It’s still something of a culture shock, though, to walk into a theatre building so stuffed with playwrights that their words are literally spilling onto the walls, and out of the air. There are little, fragmentary “hidden plays” lurking in the lift, on the foyer mirrors, on toilet walls, and even in the paper towel dispenser. And if you acquire a pair of headphones from a table in the bar, you can listen to another 19 small audio plays – including a superb foyer piece called Noise, by Alison Carr, brilliantly performed by Gabriel Quigley – while you walk round the powerful bar exhibition of photographic portraits of the playwrights.

And then there are the live performances, downstairs in Traverse Two; evening readings of new plays by established writers like Stef Smith and Morna Pearson, a weekend triple-bill of brand new work, and lunchtime double-bills of 25-minute plays by the Traverse 50, all performed script-in-hand by a terrific team of actors, including John Bett, Lesley Hart, David Ireland, Kathryn Howden, and Gabriel Quigley.
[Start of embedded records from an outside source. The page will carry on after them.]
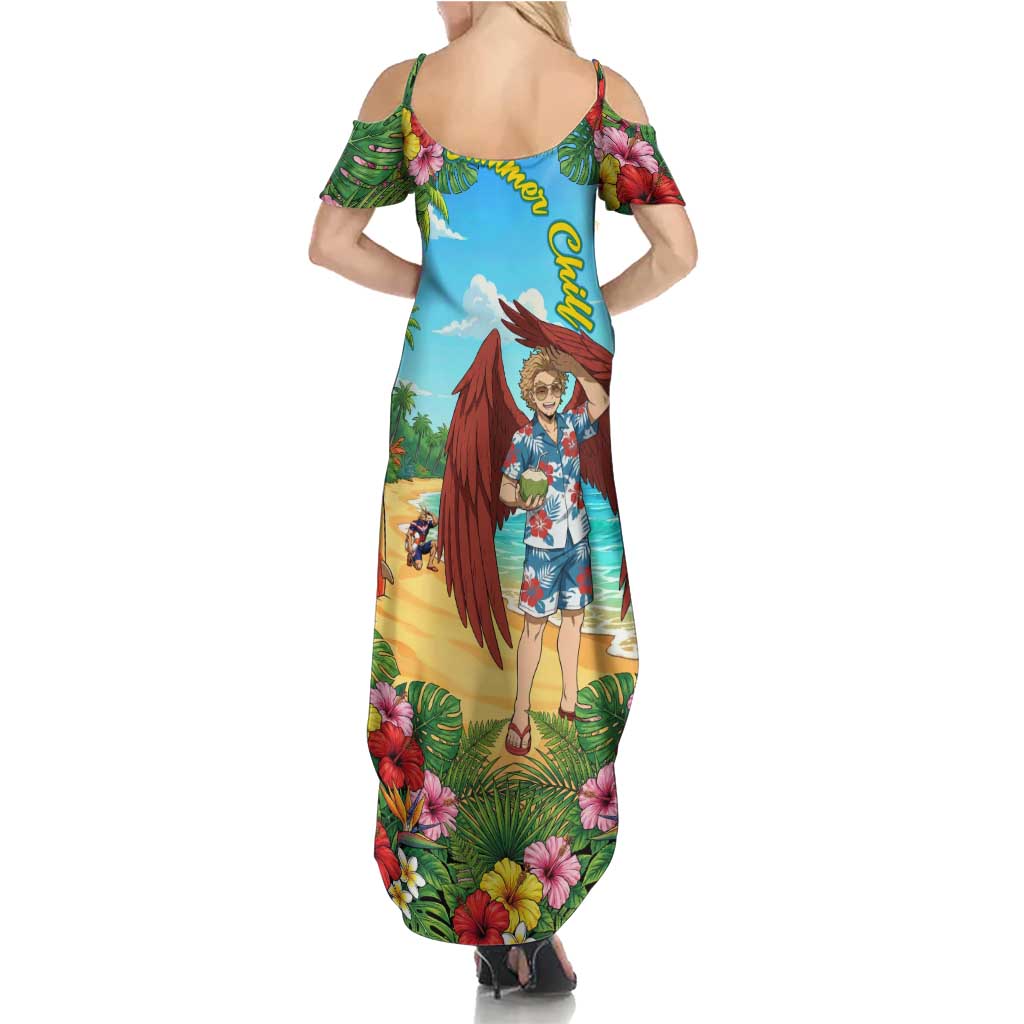 Hawks Summer Chill Summer Maxi Dress Tropical Anime Beach Vibes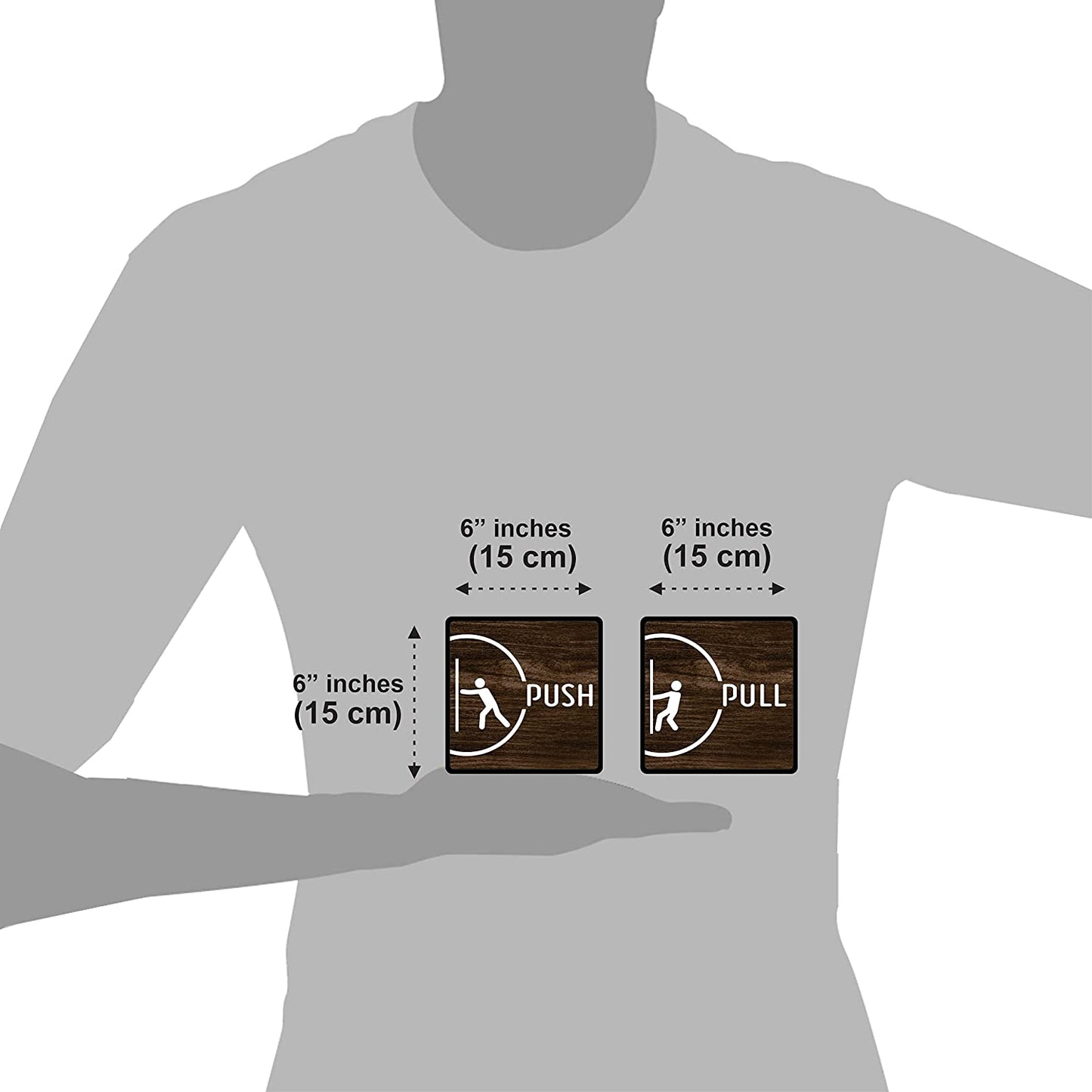 Modern Wooden Push & Pull Door Signs – Minimalist Engraved Set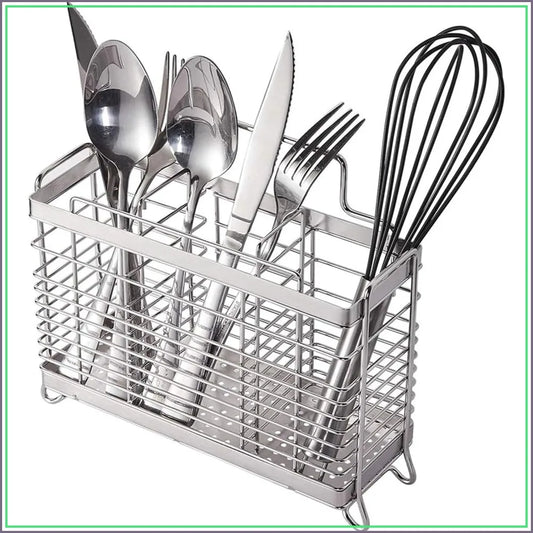 Stainless Steel Utensil Drying Rack With Divided Compartments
Among the highlights so far is Robert Dawson Scott’s powerful, understated Assessment, about the next logical step in a society that values money above life itself, and regards people on benefits – even pensioners who have contributed all their lives – as nothing but a burden; what’s supremely chilling is Dawson Scott’s sharp understanding of how easily the current language of privatised, outsourced official assessment would lend itself to such a move. There’s a powerful sense of a dystopian future, too, in Denise Keane’s Kingdom Of Me – in which a pregnant woman in London in 2016 experiences chilling premonitions of a British society breaking down into savage tribal conflict – and Alison Carr’s extreme comedy Fat Alice, in which the obesity crisis suddenly and literally intrudes into the new love-nest of an adulterous couple.

The new generation of Traverse playwrights are not offering us a rosy vision of the coming century, in other words; but they are demonstrating that if anything can brighten our prospects, it’s this kind of explosion of creativity, naming and describing the tragi-comic crises we face, and beginning to imagine new responses to them.